Think about it. When you consider the real Americans – the original peoples of the Americas – where are they? Exterminated or marginalised. When you think of the original Australians, New Zealanders, or Tasmanians, their fate has been about the same. The people of Africa were colonised and – wherever climate allowed – displaced in their turn, turned into slave labour on their own lands, by imperial colonialist masters. There’s a reason why the Zulus have a song called “Kill the Boer”.

In fact, wherever the colonialist foot has trod, the original inhabitants have been pushed into penury or destruction – and replaced by the colonists. Isn’t that so?

Even the colonial powers were no exception. Britain, the undoubted king of all colonial nations, was itself colonised, over and over, by Romans, Saxons, Angles, Jutes, Normans, and assorted bands of Danes and other Vikings; they came, they took over, and they stayed.  France, the Number Two of colonial regimes, was itself under the Romans, and successive invasions by barbarian hordes from the East. Today’s prime coloniser was itself the product of a colonial enterprise, and had to fight a bloody liberation war to free itself – though the people in power remained the same, and the original inhabitants continued to languish in reservations.

There’s only one continent which has bucked this trend – Asia.

Yes, Asia has been colonised; over and over and over. But where are the colonists now? Where are the farms owned by foreign settlers, with the natives reduced to slave labourers? Where are the reservations, the exterminated peoples remembered only by their names? Where are the colonialist elites with their faux European cities?

Gone with the wind, that’s what.

The only colony that is still hanging on in Asia is the Zionazi pseudostate, which depends on its survival entirely on handouts from the Evil Empire. It dares not even speak of its Asian situation, in fact, and pretends to be part of Europe; a Europe which had rejected its people and put them in concentration camps, don’t forget. And the pseudostate, like other imperial colonial enterprises in Asia, is doomed. It’s doomed because we Asians endure. We endure, we don’t give up, and in the fullness of time, we win.

I don’t know if I’m right in speculating that in part this may be because culturally Asians tend to think in immense time periods. The Judaeo-Christian tradition of a six-thousand year-old earth would be beneath the notice of most Asian cultures, which tend to think of cycles of creation lasting many billions of years. Instant gratification and short-term advantage has been crudely applied on top, but you can’t get away from five thousand years of cultural conditioning. A culture that thinks in terms of thousands of years has a very different understanding of victory and defeat from a culture that thinks in terms of, at the most, decades.

If there is one exemplar of the Asian resistance, as seen through modern Western consciousness, it is the small man in baggy black pyjamas, sandals and a carbine slung over his shoulder – the anonymous Viet Cong guerrilla who, along with his Viet Minh predecessor, outfought and outlasted two brutal imperialist occupations. 



But I have another candidate, and one with a much longer history – a bearded and turbaned insurgent, who has outlasted conquerors from Alexander of Macedon to the British Raj, the USSR and now has fought the ultimate enemy –the Evil Empire – to a standstill.
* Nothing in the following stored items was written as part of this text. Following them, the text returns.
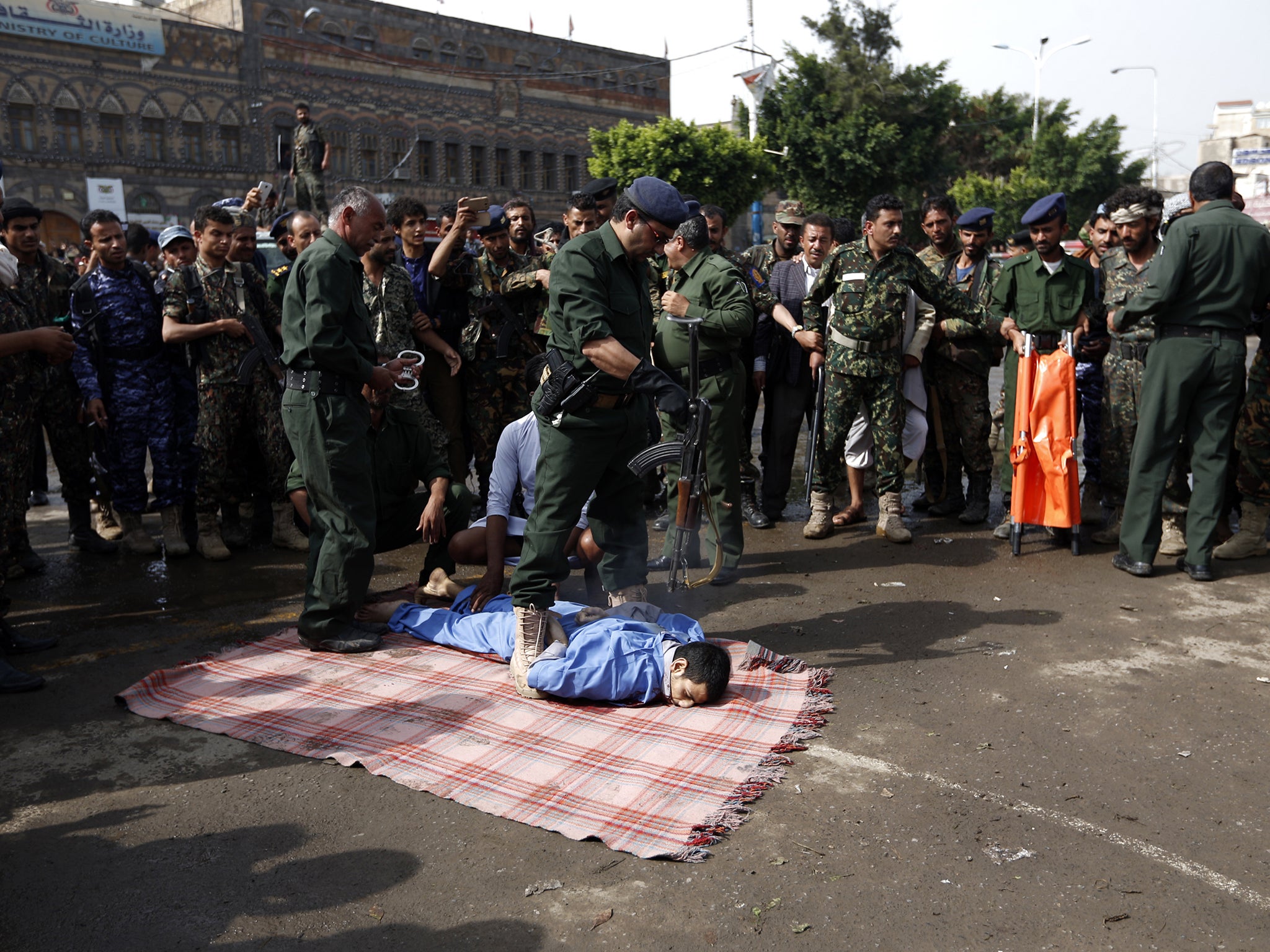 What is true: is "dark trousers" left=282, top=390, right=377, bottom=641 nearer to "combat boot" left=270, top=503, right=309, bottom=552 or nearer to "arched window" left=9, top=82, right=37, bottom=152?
"combat boot" left=270, top=503, right=309, bottom=552

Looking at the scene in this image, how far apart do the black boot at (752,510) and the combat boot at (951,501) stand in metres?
1.27

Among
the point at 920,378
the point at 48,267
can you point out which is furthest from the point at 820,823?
the point at 48,267

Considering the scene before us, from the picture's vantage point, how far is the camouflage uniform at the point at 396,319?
21.3 feet

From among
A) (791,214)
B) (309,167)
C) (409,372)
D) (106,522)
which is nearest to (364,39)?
(309,167)

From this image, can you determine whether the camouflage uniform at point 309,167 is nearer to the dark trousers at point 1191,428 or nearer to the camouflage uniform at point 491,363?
the camouflage uniform at point 491,363

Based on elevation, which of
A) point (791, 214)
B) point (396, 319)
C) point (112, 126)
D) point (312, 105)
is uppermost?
point (312, 105)

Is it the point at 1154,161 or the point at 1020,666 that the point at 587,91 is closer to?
the point at 1154,161

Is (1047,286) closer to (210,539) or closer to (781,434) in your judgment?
(781,434)

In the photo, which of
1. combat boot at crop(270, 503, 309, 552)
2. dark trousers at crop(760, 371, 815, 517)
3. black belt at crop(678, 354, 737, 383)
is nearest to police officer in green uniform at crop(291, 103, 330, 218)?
combat boot at crop(270, 503, 309, 552)

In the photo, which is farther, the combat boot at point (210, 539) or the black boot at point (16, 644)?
the combat boot at point (210, 539)

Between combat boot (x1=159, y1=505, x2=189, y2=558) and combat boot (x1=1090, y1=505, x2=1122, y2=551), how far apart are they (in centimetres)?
599

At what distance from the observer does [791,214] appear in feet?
25.8

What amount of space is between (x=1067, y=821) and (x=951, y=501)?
4438 millimetres

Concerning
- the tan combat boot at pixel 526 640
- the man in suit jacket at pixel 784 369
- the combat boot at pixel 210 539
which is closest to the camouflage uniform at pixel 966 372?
the man in suit jacket at pixel 784 369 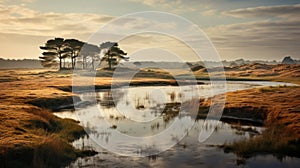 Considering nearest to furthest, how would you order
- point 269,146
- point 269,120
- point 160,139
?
point 269,146, point 160,139, point 269,120

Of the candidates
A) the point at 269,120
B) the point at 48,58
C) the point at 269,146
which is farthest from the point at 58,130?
the point at 48,58

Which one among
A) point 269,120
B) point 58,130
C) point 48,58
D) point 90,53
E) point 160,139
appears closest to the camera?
point 160,139

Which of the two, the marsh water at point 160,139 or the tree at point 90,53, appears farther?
the tree at point 90,53

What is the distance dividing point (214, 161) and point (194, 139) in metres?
6.55

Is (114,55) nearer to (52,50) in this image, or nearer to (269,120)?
(52,50)

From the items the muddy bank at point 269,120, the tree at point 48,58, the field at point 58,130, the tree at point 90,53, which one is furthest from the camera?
the tree at point 90,53

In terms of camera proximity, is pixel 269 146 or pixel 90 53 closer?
pixel 269 146

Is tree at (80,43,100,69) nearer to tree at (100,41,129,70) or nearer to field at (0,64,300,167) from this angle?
tree at (100,41,129,70)

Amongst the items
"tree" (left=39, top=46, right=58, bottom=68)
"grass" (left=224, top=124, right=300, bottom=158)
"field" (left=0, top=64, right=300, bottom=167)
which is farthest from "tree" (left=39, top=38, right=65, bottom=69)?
"grass" (left=224, top=124, right=300, bottom=158)

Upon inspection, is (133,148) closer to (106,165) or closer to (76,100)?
Answer: (106,165)

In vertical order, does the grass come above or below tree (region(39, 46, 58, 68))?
below

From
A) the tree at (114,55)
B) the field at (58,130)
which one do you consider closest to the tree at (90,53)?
the tree at (114,55)

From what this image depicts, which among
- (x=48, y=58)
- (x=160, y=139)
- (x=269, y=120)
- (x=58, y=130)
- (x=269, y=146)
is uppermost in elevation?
(x=48, y=58)

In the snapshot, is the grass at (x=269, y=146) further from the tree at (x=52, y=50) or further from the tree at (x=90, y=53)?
the tree at (x=90, y=53) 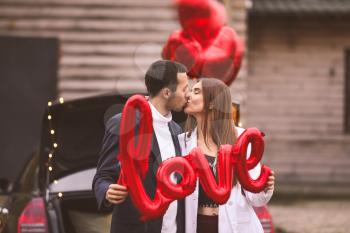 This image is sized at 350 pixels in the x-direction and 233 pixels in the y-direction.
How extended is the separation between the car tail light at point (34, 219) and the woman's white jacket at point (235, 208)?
1637 mm

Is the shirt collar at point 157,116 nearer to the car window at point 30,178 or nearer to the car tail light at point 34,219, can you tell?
the car tail light at point 34,219

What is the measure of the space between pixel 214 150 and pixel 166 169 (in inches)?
18.7

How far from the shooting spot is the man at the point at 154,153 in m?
4.07

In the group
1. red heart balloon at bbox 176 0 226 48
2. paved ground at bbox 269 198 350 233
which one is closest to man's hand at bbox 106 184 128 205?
red heart balloon at bbox 176 0 226 48

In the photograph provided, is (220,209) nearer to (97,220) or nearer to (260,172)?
(260,172)

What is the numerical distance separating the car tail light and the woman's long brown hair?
69.2 inches

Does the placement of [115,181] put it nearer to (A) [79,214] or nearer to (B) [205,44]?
(A) [79,214]

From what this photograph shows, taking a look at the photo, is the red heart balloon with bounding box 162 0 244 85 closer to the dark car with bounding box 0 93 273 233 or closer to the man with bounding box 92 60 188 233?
the dark car with bounding box 0 93 273 233

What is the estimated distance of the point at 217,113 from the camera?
423cm

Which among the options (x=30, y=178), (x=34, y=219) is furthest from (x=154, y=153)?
(x=30, y=178)

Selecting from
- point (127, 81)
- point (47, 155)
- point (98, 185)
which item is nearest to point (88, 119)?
point (47, 155)

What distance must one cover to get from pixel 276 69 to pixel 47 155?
1254 cm

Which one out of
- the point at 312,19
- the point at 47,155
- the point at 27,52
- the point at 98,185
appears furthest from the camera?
the point at 312,19

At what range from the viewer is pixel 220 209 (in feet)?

If there is an ultimate warrior through the ages, one who has consistently outlasted, worn down and defeated more powerful enemies, it is he.

Kipling said it again, in another of his inimitable poems (Arithmetic On The Frontier):

A scrimmage in a Border Station --

A canter down some dark defile --

Two thousand pounds of education

Drops to a ten-rupee jezail

(A jezail was an Afghan musket, much more accurate than the nineteenth-century British Brown Bess musket it faced. You know, like in the Retreat from Kabul.)

Oh, yes, Afghanistan. Don't tell me you didn't realise that was coming.



The Taliban may, in some ways, be despicable. In fact they are despicable. But they are Asians. They have a capacity to endure the unendurable, and outlast whatever the enemy throws at them. As Vo Nguyen Giap – the Vietnamese conqueror of Dien Bien Phu – once said, if the fight wasn’t won in ten years, it would go on for twenty; if not won in twenty, for fifty, a hundred years – but it would go on.

I’m not writing this as a bragging point, or as a warning, just as a matter of fact – the Imperium can beat us Asians, once, twice, a hundred times. But it can’t conquer us. We will outlast it, and wear it down.

And, in the end, in the final fight, the one that really matters, we shall win.